== Work order ==
All pictures are to be dropped, and everything else in the data duplicated exactly.

== Dataset section ==
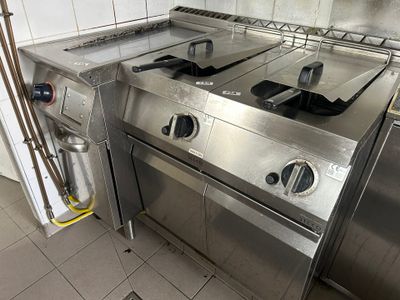 une cuisinière en acier inoxydable à deux feux dans une cuisine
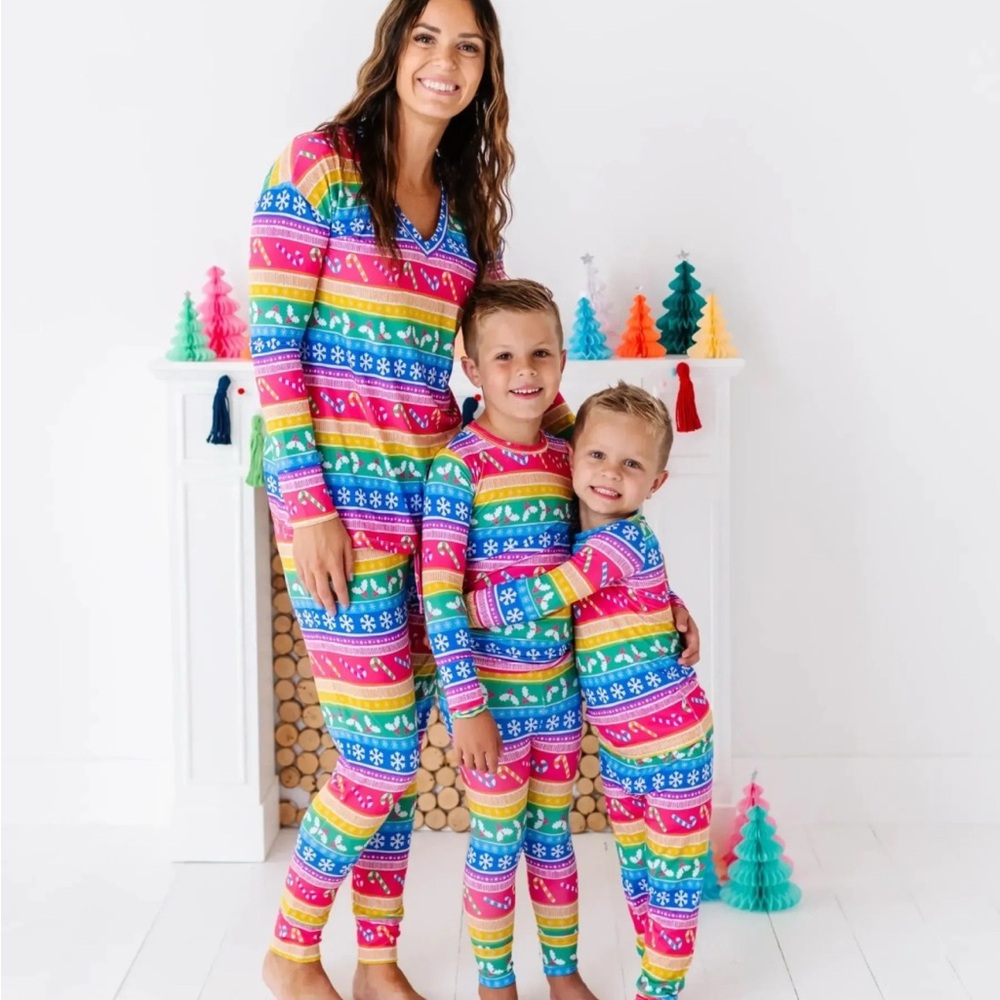 Bums and roses pajama pants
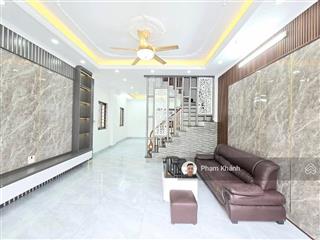 La phù. lô góc 2 mặt thoáng 40m 4 tầng chỉ 5 tỷ nhỉnh. ngõ trc nhà 3m. ô tô đỗ gần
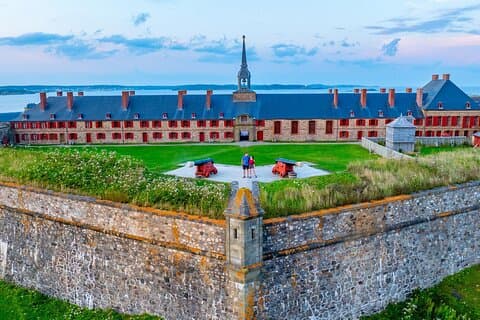 Fortezza di Louisbourg, Faro e Cliffside Adventure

== Written reply ==
 une cuisinière en acier inoxydable à deux feux dans une cuisine
 Bums and roses pajama pants
 La phù. lô góc 2 mặt thoáng 40m 4 tầng chỉ 5 tỷ nhỉnh. ngõ trc nhà 3m. ô tô đỗ gần
 Fortezza di Louisbourg, Faro e Cliffside Adventure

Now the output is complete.